Could she tell I hadn't changed my clothes in days? If so, wouldn't she at least psychically know I had washed out my underwear yesterday morning?

“You're not who I thought. I can't do a reading for you.” She started to usher me out and added, “What the hell happened to your eye?”

Damn spider. “Forget my eye, why can't you do a reading for me?”

“Something's missing,” she answered, taking a long drag off her cig.

What could she have possibly been talking about?

“The shirt.” She finally answered, like she was trying to prove she read my mind. “You're supposed to be wearing a certain shirt.”

“OF COURSE,” I shouted! “The shirt!! I know exactly what you mean. I accidentally left my house without it.” After I described it in great detail (minus the fact that it probably STANK like the Stanktress now), she let me in and led me to the couch, motioning for me to sit. The
Today Show
was on the TV with the sound off.

She coughed again. It sounded so familiar. Wait a minute… OMG!!!!!!!!!!!!! I had heard that cough hundreds of times when I listened over and over to the message that was on the phone number that was on the receipt that was with the dead chicken that was at the giant rooster!!! The coughs that had led me to the Villa Seaside Apartments!

“Sylvia,” I shouted! “You're
that
SYLVIA!”

“Shhh,” she said, as she put her hand on my shoulder and closed her eyes. With her other hand, she touched her heart. Or it could have been her large left breast. It was hard to tell.

I remained quiet as she spent several of my five minutes in that position. Finally, she said, “You have not been lucky in love.”

“Well, that's true,” I replied.

She kicked off one of her shoes.

“You long for a mate.”

Well, who wouldn't if you're unlucky in love? She really could be talking about most of the population. I decided not to answer. She could keep her other shoe on for that.

“You hunt for him,” she continued.

OK, now she was getting somewhere. “Yes.”

She kicked off her other shoe.

“Look, I know you know all about this hunt, Sylvia. Please tell me more,” I begged.

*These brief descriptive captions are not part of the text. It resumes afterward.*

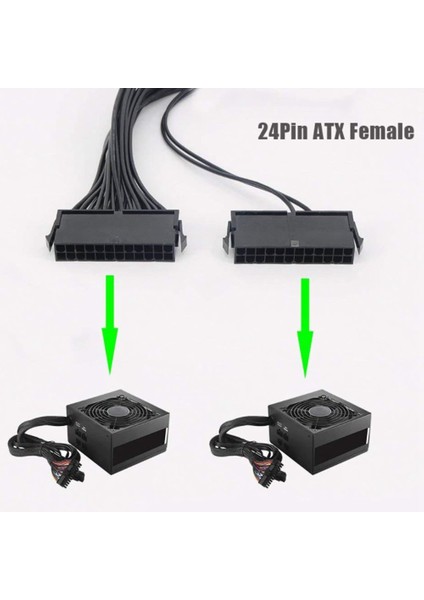 Adet Güç Adaptörü Paketi Çift Psu Uzatma Kablosu, 24 Pin 18 Awg (Yurt Dışından)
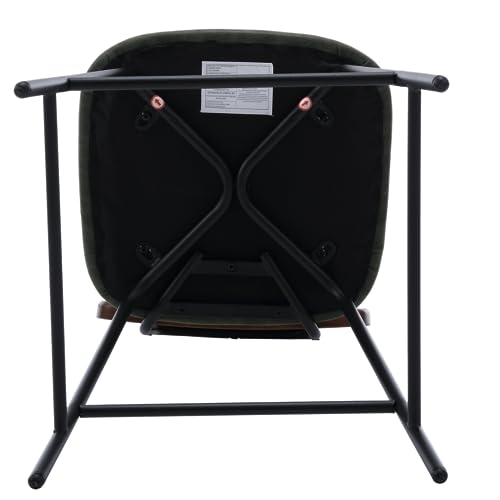 Image of Bar Stools Set of 4, 26 inch Modern Rattan Counter Height Bar Stools with Metal Legs, Upholstered Faux Leather Barstools with Cane Backrest for Kitchen Home Bar Restaurant, Green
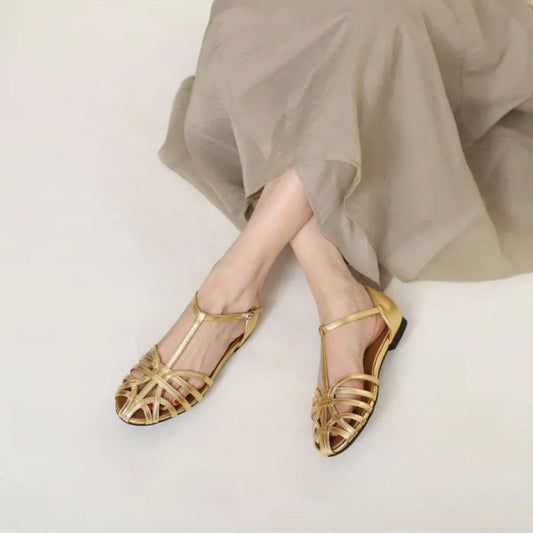 T-Strap Leather Flats with Orthopedic Footbed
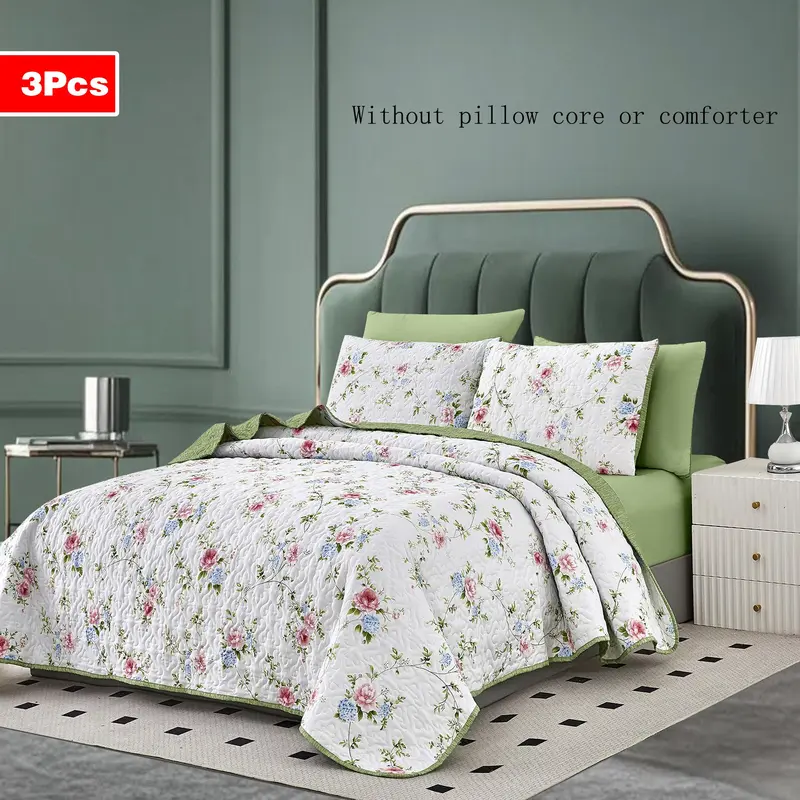 Floral Print Bedspread Set, 1 Count Bed Cover & 2 Counts Pillowcase without Filler, Soft Comfortable Bedding Set for Home Bedroom 3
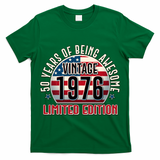 50th Birthday Vintage 1976 Limited Edition Years Of Being Awesome USA Flag  T-Shirt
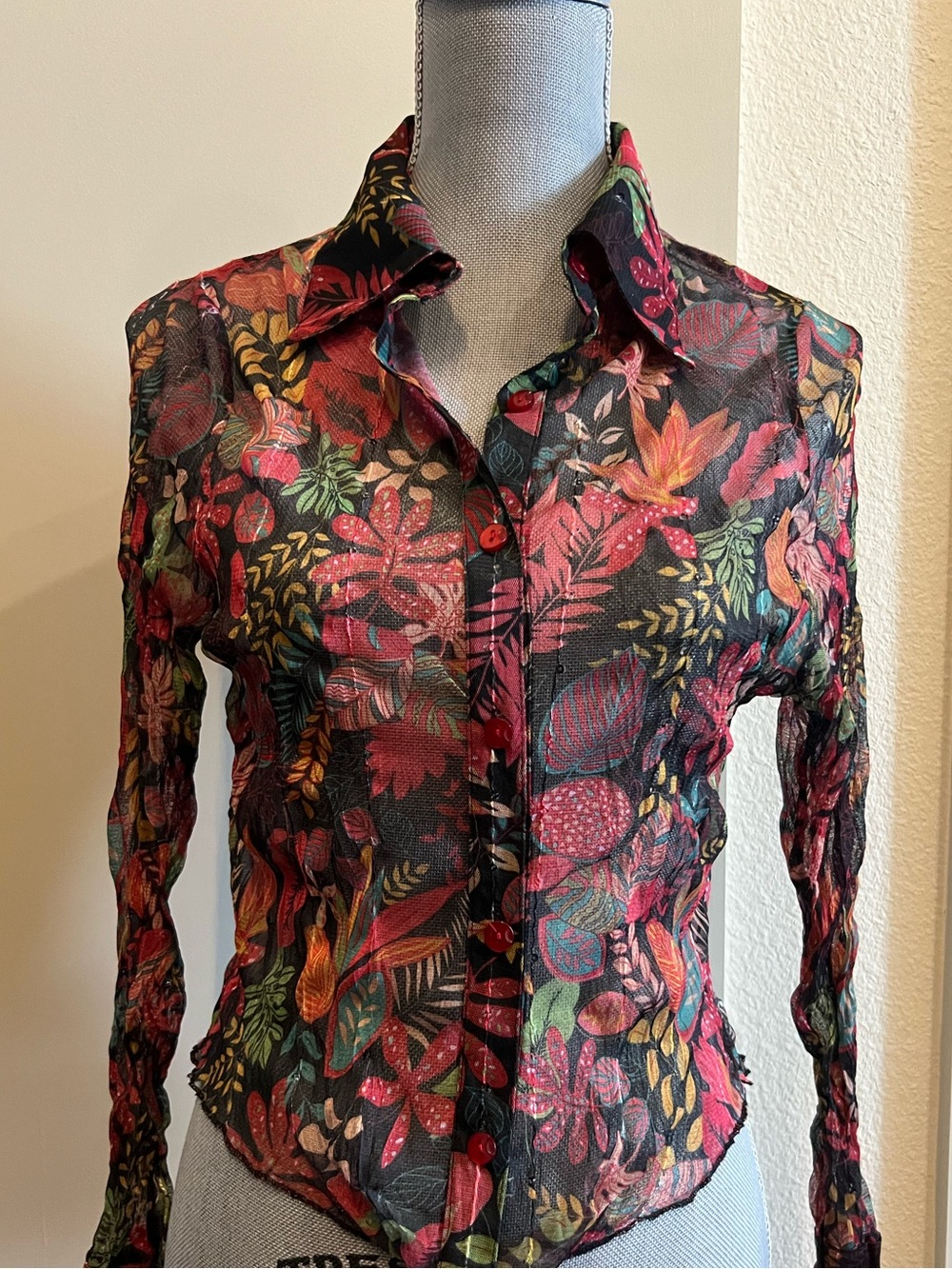 Monte Milano Sheer Mesh Black Floral Tie-Front Button-Down Blouse Size Medium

“You've been thinking big, right?”

“Right.”

She untied her robe and took it off. I couldn't help but notice that Sylvia had a slammin' body for an octogenarian. “Well, now it's time to think small and focus on the key things.”

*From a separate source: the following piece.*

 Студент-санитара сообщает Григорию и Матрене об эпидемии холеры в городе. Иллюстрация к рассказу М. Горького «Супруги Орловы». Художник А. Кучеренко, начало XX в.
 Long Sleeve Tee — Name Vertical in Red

“What does that mean exactly?”

“Sorry, time's up. $10.00, please.”

“Wait, that's it? Just tell me what that means. Who's behind this? Where I can find him?”

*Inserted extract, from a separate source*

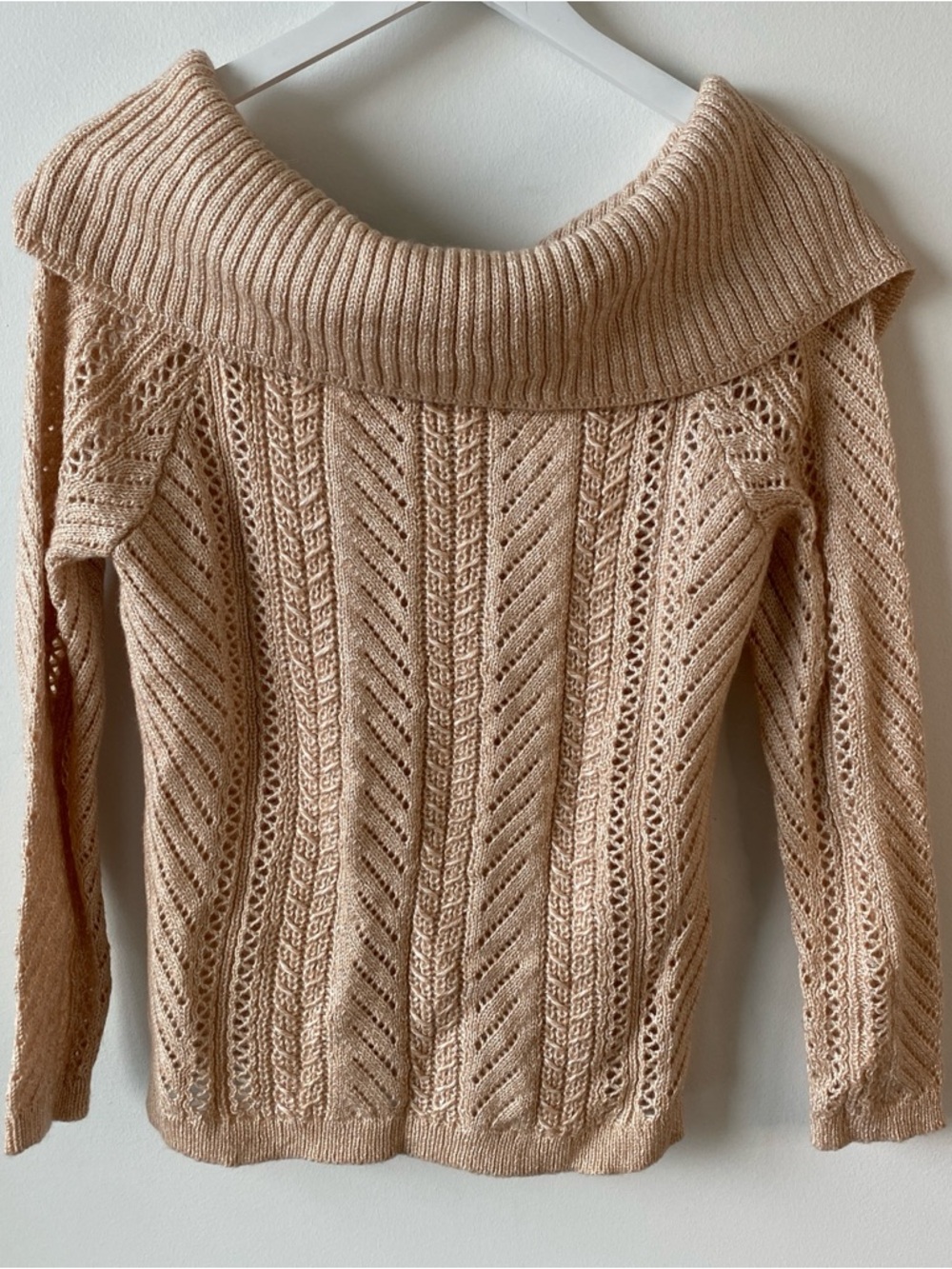 White House Black Market Blush Open-Knit Fold-Over Cowl Sweater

She put her one hand back on my shoulder, the other one back on her breast. “You know that you're getting closer, don't you.”

“Sure, I guess.”

She unhooked her left hose from her garter belt, rolled it down, and slipped it off.

“Well, for $200.00, maybe I could tell you more.”

I stood up. “$200.00?! I told you I didn't even have $100.00!”

Despite the fact that she was trying to swindle me, I picked up her robe from the floor and placed it back over her shoulders.

“I guess that's a no?”

“You got that right,” I answered. And she threw her robe off again.

“I'll walk you out,” she said.

Even though I was concerned that her neighbors would see her scantily clad on her front lawn, I had to stop and ask Sylvia about the peacocks. She explained they were not her pets, but wandered over from the nearby arboretum.

“They go all over the neighborhood,” she said. “Do you know what peacocks symbolize?”

“Sure, pride?” I answered.

“Yes, honey, but also the beauty we can achieve when we dare to show our true colors.” She winked at me. “Go for it.”

Finally a nugget. I had to go through all that to get one profound insight from an eighty-five-year-old swindling, stripping psychic?

“Thanks, Sylvia,” I said, stepping down the front stairs with the plaster bunnies.

“Oh, I almost forgot!” she yelped. She went back inside and returned a moment later holding something.

“Good luck, honey,” she said as she handed it to me. And before I could ask her anything else, she went into the house and shut the door.